No, this isn’t about sports – at least not in the way that you might think. “Lin-sanity” is used in this instance as a metaphor for the way that people behave in a society plagued by political correctness. In my opinion, it’s a damn shame. Yes, I said damn. Don’t worry, we’re still allowed to say that one.
If you’re not yet up to speed on the “Lin-Sanity” phenomenon, here’s the deal. Jeremy Lin is a pro-basketball point-guard with the New York Knicks who recently came to prominence despite being a former “bench-warmer.” To say that he proved himself to be a well-rounded basketball player is like saying that Shaquille O’Neal is sort of tall.
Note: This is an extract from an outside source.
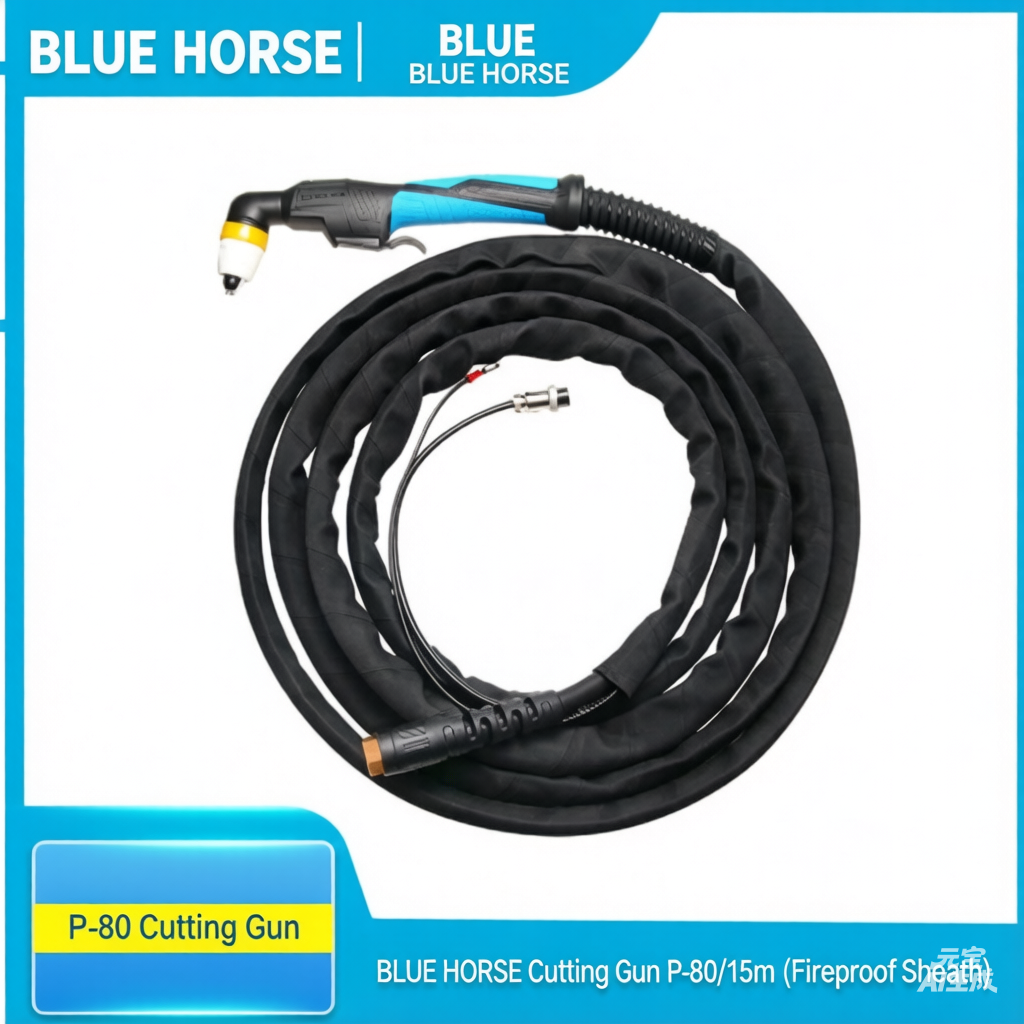 Fireproof Sleeve P-80/15m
Almost overnight fans became captivated by Lin’s surprisingly quick moves and shooting prowess, as well as his propensity for playing “team ball” by passing the ball often and well. The fact that he’s of Asian American decent only added to the story, since the NBA features precious few players from that part of the world. Lin’s scoring streak has cooled a bit of late, but that’s how streaks go.
When Lin first came to prominence, sports writers, forever looking to differentiate from the pack literally went pun-crazy with his name. Almost every newspaper featured such uninspired phrases as Lin-spiration, Lin-sanity, Lin-surrection, Lin-ovation, Lin-put, and scores of other Lin-guistics that swapped the surname Lin for an “in” prefix. If Lin should ever get hurt while playing ball, I’m certain some dork in a tweed coat will say that he’s been “Lin-jured.” If he gets sick, they’ll say that he has a Lin-fection. The lesson is clear – one bad pun obviously deserves another.
But this, as they say is not about that. This is about what happens to good people in 2012 if they accidentally cross an often imperceptible line, as 28-year-old ESPN news-editor Anthony Federico did recently when he wrote the headline, “A chink in the armor” to describe gaps, or “chinks” in Lin’s game.
“I wrote the headline in reference to the tone of the column and not to Jeremy Lin’s race,” Federico explained after he was hypocritically raked over the coals by the media and those who chose to believe that his use of the saying was racism tinged. “It was a lapse in judgment and not a racist pun. It was an awful editorial omission and it cost me my job…”
Federico then tells of his charitable works with the poor and points out how crazy it would have been for him, a young journalist on the rise, to write an overtly racist headline.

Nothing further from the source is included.